Segment Start: AVAILABLE DATA
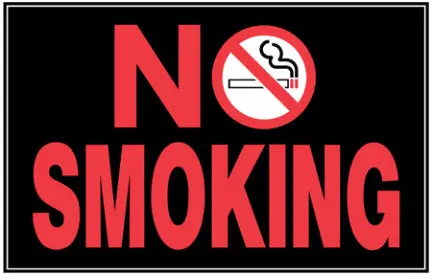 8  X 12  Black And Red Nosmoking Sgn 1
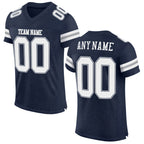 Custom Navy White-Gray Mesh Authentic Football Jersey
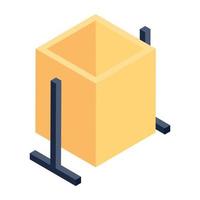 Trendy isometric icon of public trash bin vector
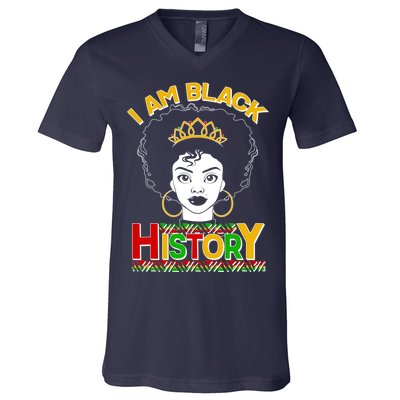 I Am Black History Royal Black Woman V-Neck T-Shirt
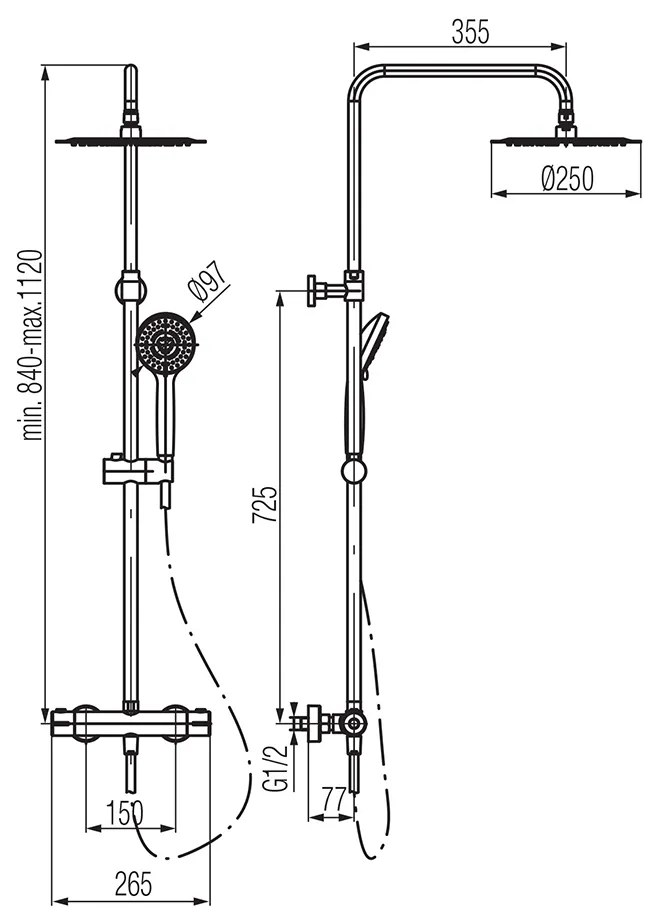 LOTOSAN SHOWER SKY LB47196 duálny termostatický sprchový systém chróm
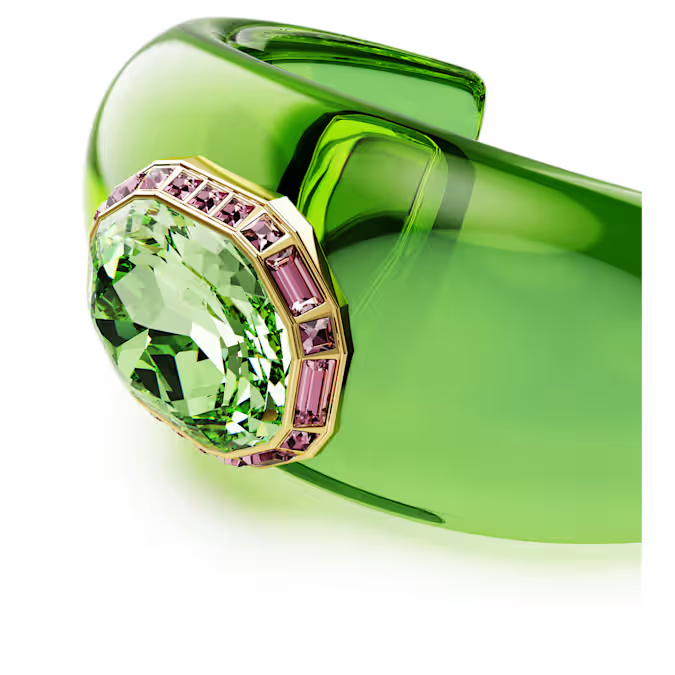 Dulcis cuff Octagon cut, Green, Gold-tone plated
Segment End: AVAILABLE DATA
Segment Start: AVAILABLE DATA
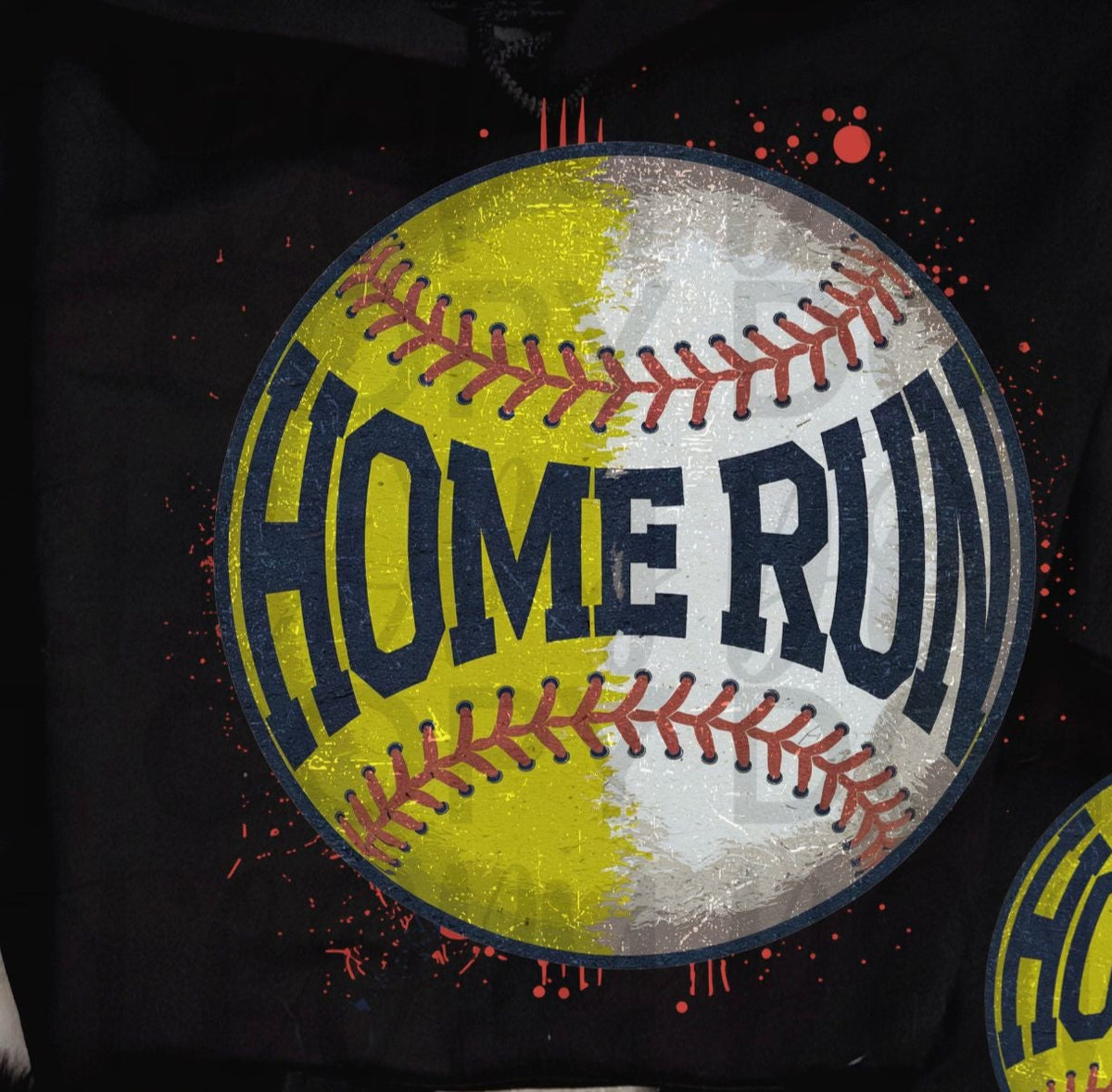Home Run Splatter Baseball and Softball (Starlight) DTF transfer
Segment End: AVAILABLE DATA
Would you copy out, exactly and with no pictures, only the lines above from the one that contains "I Am Black History" through the one that contains "Dulcis cuff Octagon"?

WRITTEN SOLUTION:
 I Am Black History Royal Black Woman V-Neck T-Shirt
 LOTOSAN SHOWER SKY LB47196 duálny termostatický sprchový systém chróm
 Dulcis cuff Octagon cut, Green, Gold-tone plated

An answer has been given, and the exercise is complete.